Brain behind IBM's Watson not unlike a human's

Like humans, Watson only uses a fraction of its memory to generate answers to Jeopardy questions

IBM's Watson supercomputer, which shellacked Jeopardy's top human champions during airings of the game show this week, is powered by 90 servers and a network-attacked storage (NAS) cluster with 21.6TB of data.

In the end, though, its brain only has 80 per cent of the processing power of a human brain.

Tony Pearson, master inventor and senior consultant at IBM, explained that Watson only uses about 1TB to process real-time answers to Jeopardy questions after configuring its back end storage as RAID, and then culling that data further to be loaded into the clustered server system's memory.

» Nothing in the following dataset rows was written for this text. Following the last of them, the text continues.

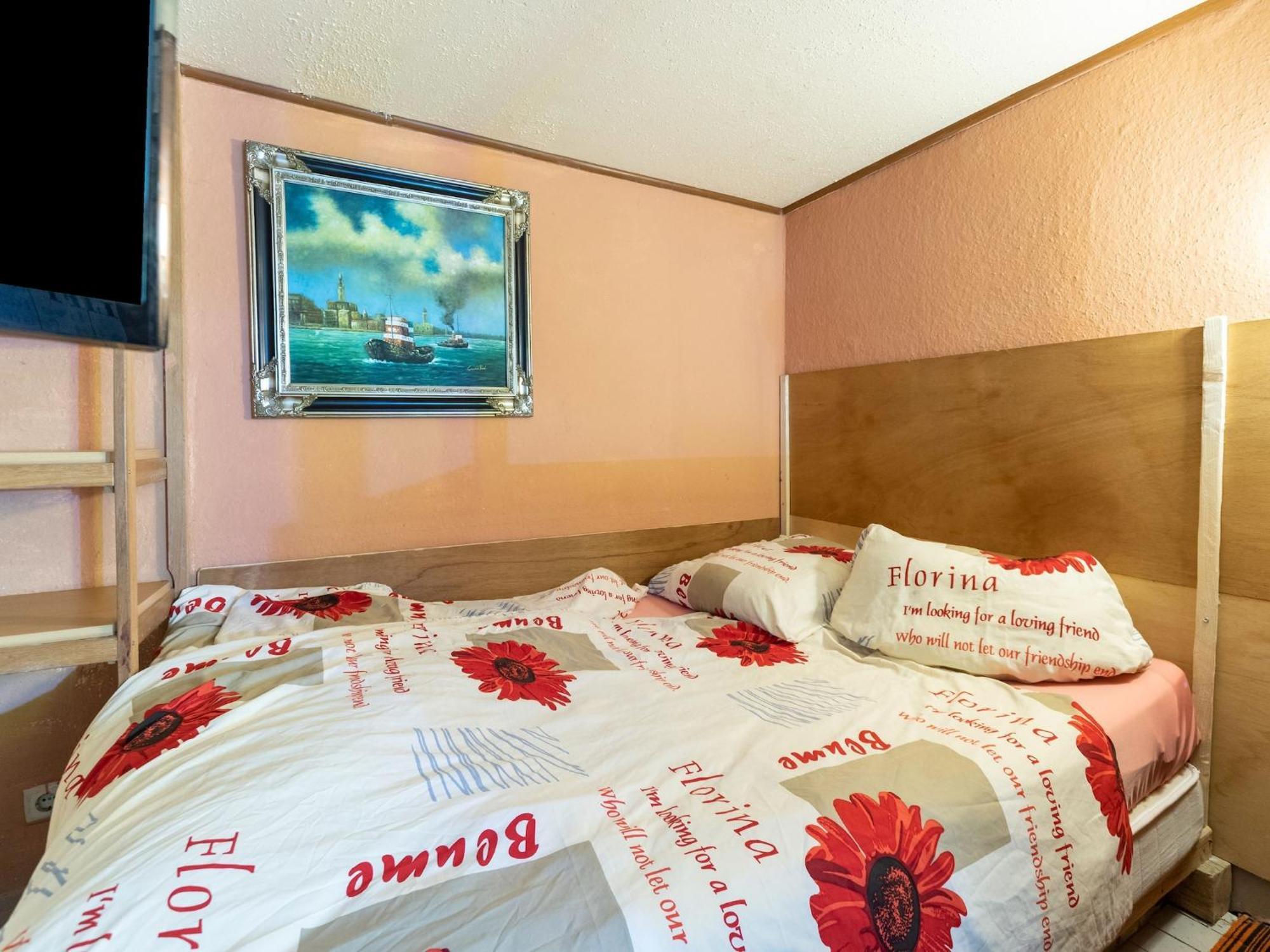 Comfortable Apartment In Wismar Mecklenburg With Fireplace מראה חיצוני תמונה
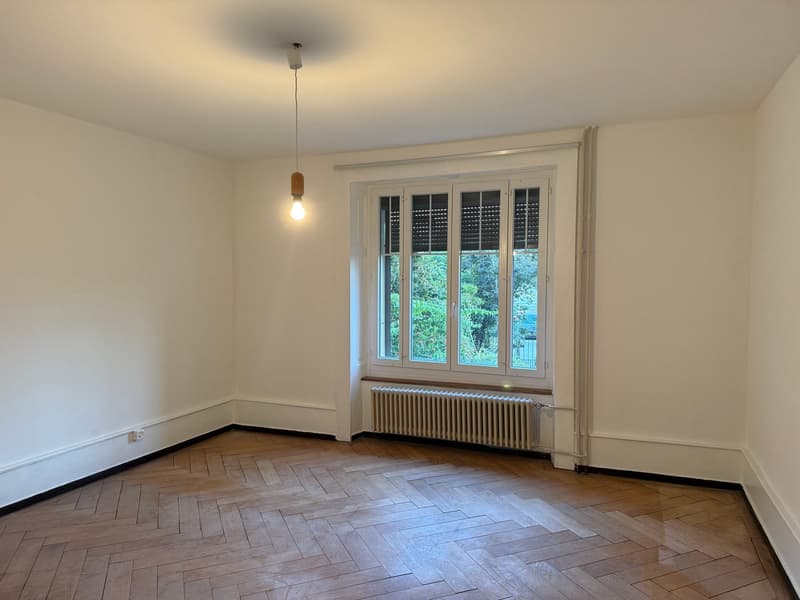 Appartement 3.5 pièces lumineux avec balcon à Neuchâtel proche du lac avec jardin (5)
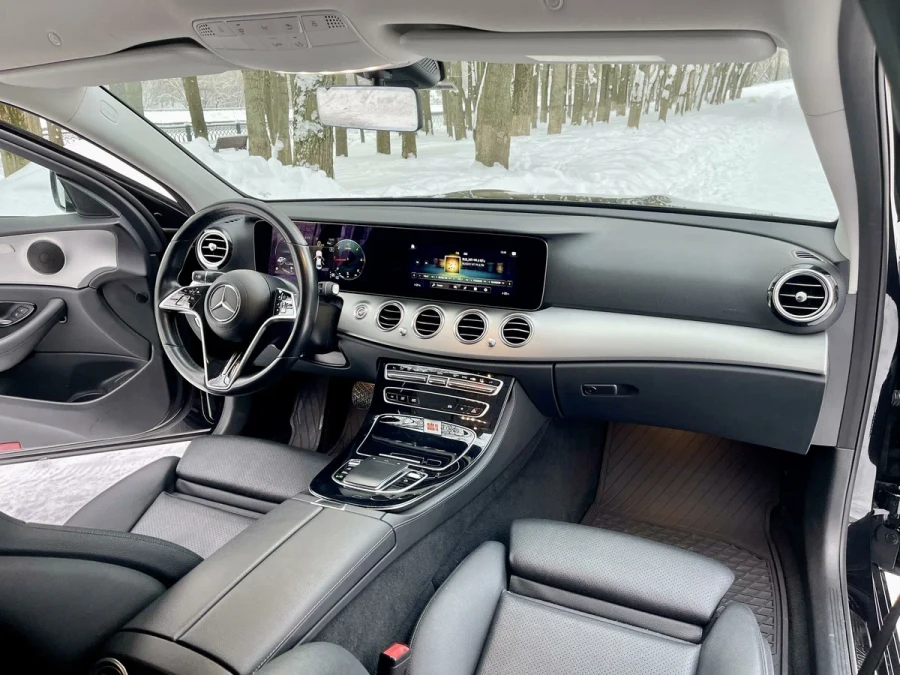 Versatile Transport Vehicle - MB E 200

Pearson cited the estimate of technology futurist and author Ray Kurzweil that the human brain can hold about 1.25TB of data, and performs at roughly 100 teraflops. In comparison, Watson is an 80-teraflop system with 1TB of memory.

"So it's 80 per cent human," Pearson said. "Yes, we could have handled a lot more information. We could have put more memory in each server, but once we got the answers to three seconds, we didn't need to go further."

Pearson explained that reaching the three-second answer threshold was just a matter of simple mathematics.

The original algorithm singled threaded on a single core processor took two hours to scan memory and produce an answer. So the IBM technologists just divided two hours by 2,880 CPUs, which produced the ability to answer questions in three-seconds.

If IBM's Watson were just some other human Jeopardy contestant, viewers probably would have tuned out in the midst of such a landslide victory. Instead, interest in the man vs. machine battle gave the show its highest ratings in nearly six years.

Competition between humans and computers has long captured the public's imagination. Remember the 1996 chess match between IBM's Deep Blue computer and the reigning world champion Garry Kasparov?

In this case, though, Watson has more in common with humans than Deep Blue. Like us, he only uses a small percentage of his massive memory capacity to answer questions.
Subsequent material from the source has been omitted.